Periodic Reporting for period 1 - GenClassifier4CL (Incrementally learning new classes with generative classification)
Reporting period: 2022-10-01 to 2024-09-30
Another challenge for scaling up generative classification, is that continually learning generative models of suitable quality is a challenging task in itself. Before the fellowship I had mostly worked with variational auto-encoders. To explore potential benefits of using other types of generative models, together with visiting master student Sergi Masip, I explored the continual training of diffusion models. We found that using distillation in combination with generative replay can substantially enhance the performance of continually trained diffusion models.
To address the computational efficiency and scalability of generative classification, I worked together with visiting PhD student Michal Zajac. Initially we looked at different ways of sharing parts of the class-specific generative models, but we ended up developing a novel approach for class-incremental learning that is closely related to generative classification, but a lot more scalable and efficient. This novel approach, which we called Prediction Error-based Classification (PEC), is based on the prediction errors of shallow, class-specific networks that are trained to mimic the output of a random teacher network. The attached figure schematically illustrates the difference between discriminative classification, generative classification and our newly proposed approach of prediction error-based classification. This approach obtained remarkably strong performance on a variety of class-incremental learning benchmarks, while being substantially more computationally efficient than generative classification. Besides its strong performance, a nice feature is that this approach can also be motivated as an approximation of a classification rule based on Gaussian Process posterior variance.
Initially as a side-project, in collaboration with PhD student Matthias De Lange, I explored the continual evaluation for continual learning. (As opposed to evaluating performance at the end of training each task, as until then had been the norm.) Doing so, we discovered an intriguing phenomenon: when starting to train on a new task, state-of-the-art continual learning methods (e.g. replay, regularization) suffer temporary but substantial forgetting of previously learned tasks. We called this phenomenon the “stability gap”. The stability gap is problematic for safety-critical applications in which sudden drops in performance can be harmful, but it is also indicative of inefficient optimization.
With my PhD student Timm Hess, I dived deeper into the stability gap. Remarkably, we showed that the stability gap consistently occurs even with incremental joint training, which can be seen as the “upper bound” of most current continual learning methods (e.g. replay, regularization). Based on this finding, we argue that continual learning needs to develop new kinds of methods, which focus on changing the way in which optimization is done in continual learning problems.
Finally, another outcome of this fellowship has been that in a collaboration with Nicholas Soures and Dhireesha Kudithipudi from UT San Antonio, I wrote an invited book chapter for the major reference work “Learning and Memory: A Comprehensive Reference” on continual learning and catastrophic forgetting.

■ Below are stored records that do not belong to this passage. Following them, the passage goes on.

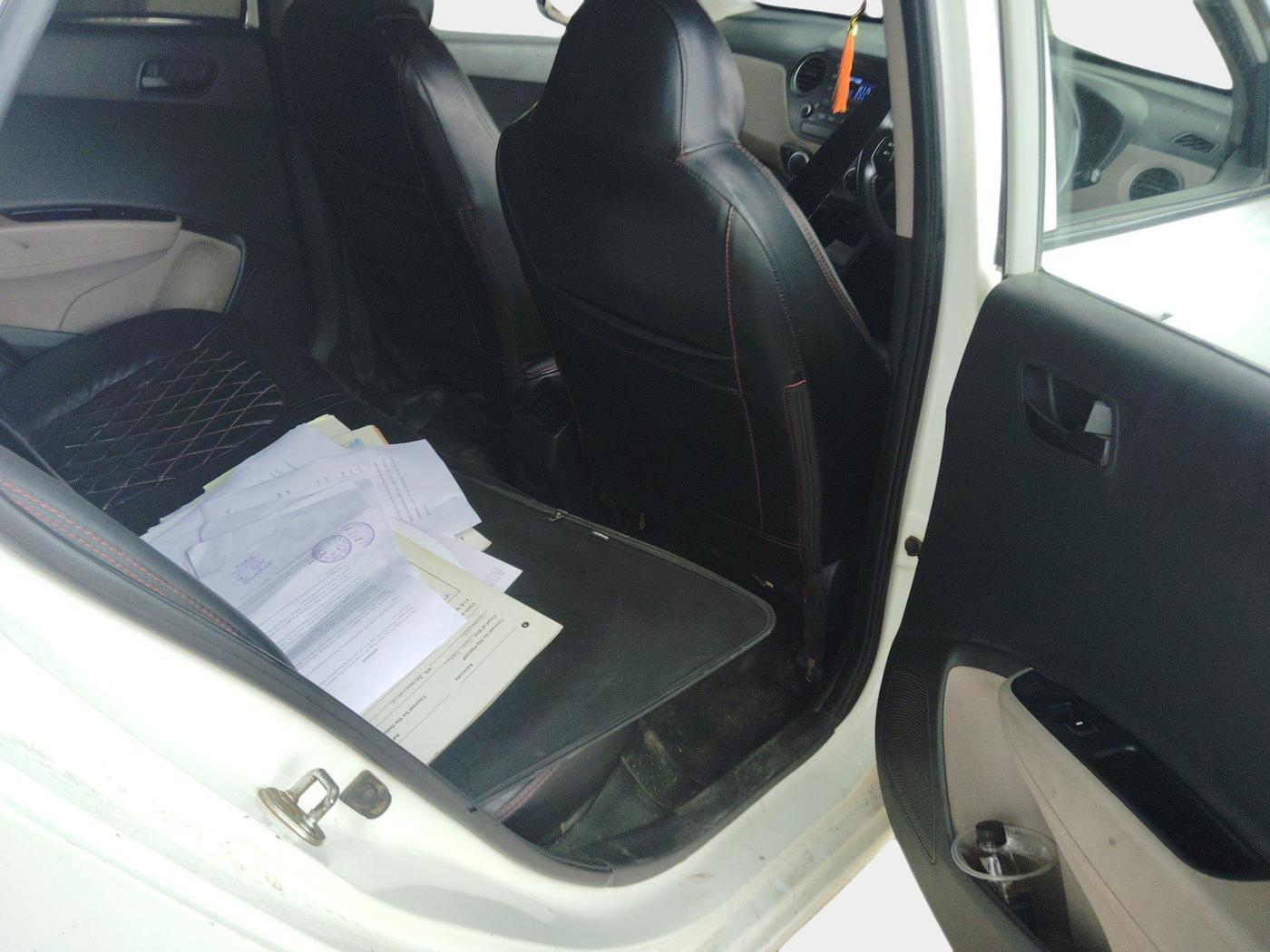 2019 Hyundai Grand i10 MAGNA 1.2 KAPPA VTVT, CNG, Manual, 1,66,152 km, interior
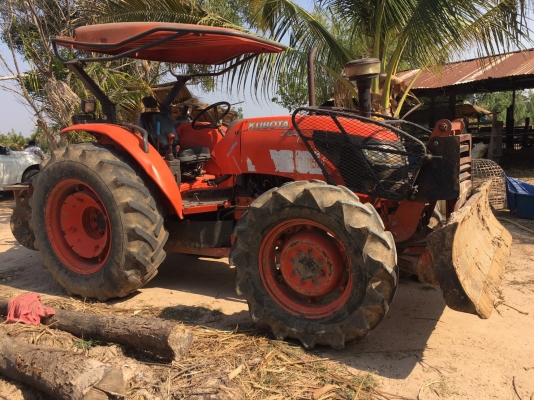 ขาย 335,000 บาท KUBOTA M7040 ปี 51 ทำงาน 6,331 ชม. เครื่องดี เกียร์ดี (ใบมีดหน้า -หาง 7 ) รถสวยพร้อมใช้ เอกสารเล่มทะเบียน รถอยู่ จ.สกลนคร โทร&ไอดีไลน์ 0610710295 ขาย 335,000 บาท KUBOTA M7040 ปี 51 ทำงาน 6,331 ชม. เครื่องดี เกียร์ดี (ใบมีดหน้า -หาง 7 ) รถสวยพร้อมใช้ เอกสารเล่มทะเบียน รถอยู่ จ.สกลนคร โทร&ไอดีไลน์ 0610710295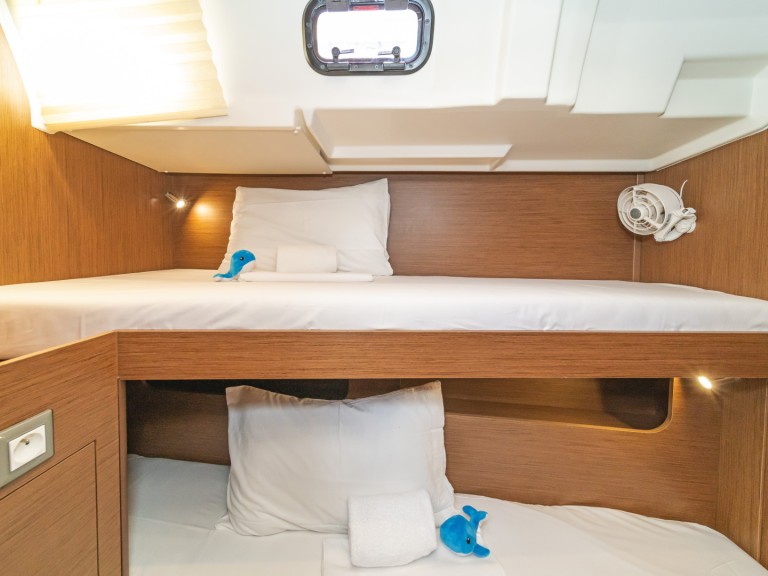 Bareboat Rental Sailboat Bénéteau with a boat licence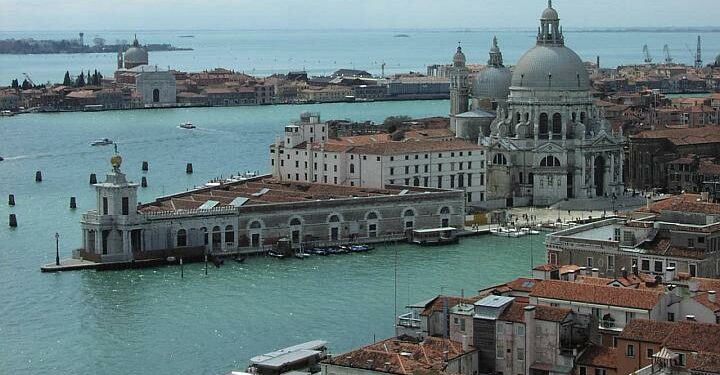 Puerto de Venecia registra alza en servicio a cruceros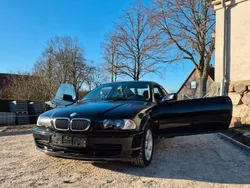 Schwarz Gebraucht 2001 BMW 318 Coupé | 2.500 € (Guter Preis)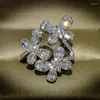 Klusterringar lyxigt skimrande tre fjärilsblommor runt hela diamantparet ring för kvinnor bow zircon jubileumsgåva smycken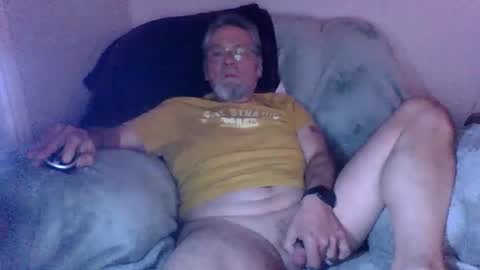 Snapshot of lebranleur71 chatting on 02/15/25, 10:52 lesbranleur71 online show from 02/15/25, 10:52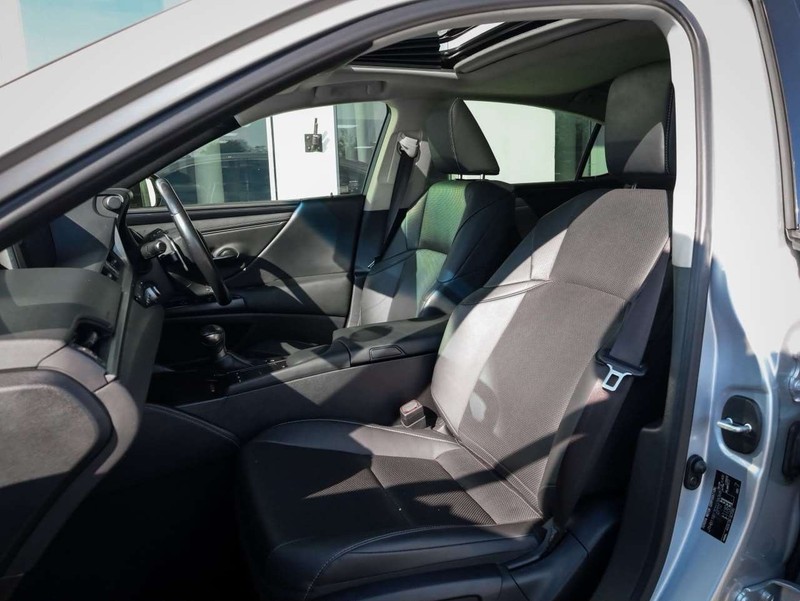 Lexus ES - Ford Woodmead - Image 14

(1) Prediction error-based classification (abbreviated as PEC) is a new approach that demonstrates strong performance on a variety of class-incremental learning problems, without the need to store data and with relatively low computational costs.
(2) The discovery of the stability gap. The stability gap is the intriguing phenomenon that successful state-of-the-art continual learning methods (e.g. replay, regularization) still suffer from substantial forgetting when starting to learn something new, except that this forgetting is often only temporary and recovered during continued training.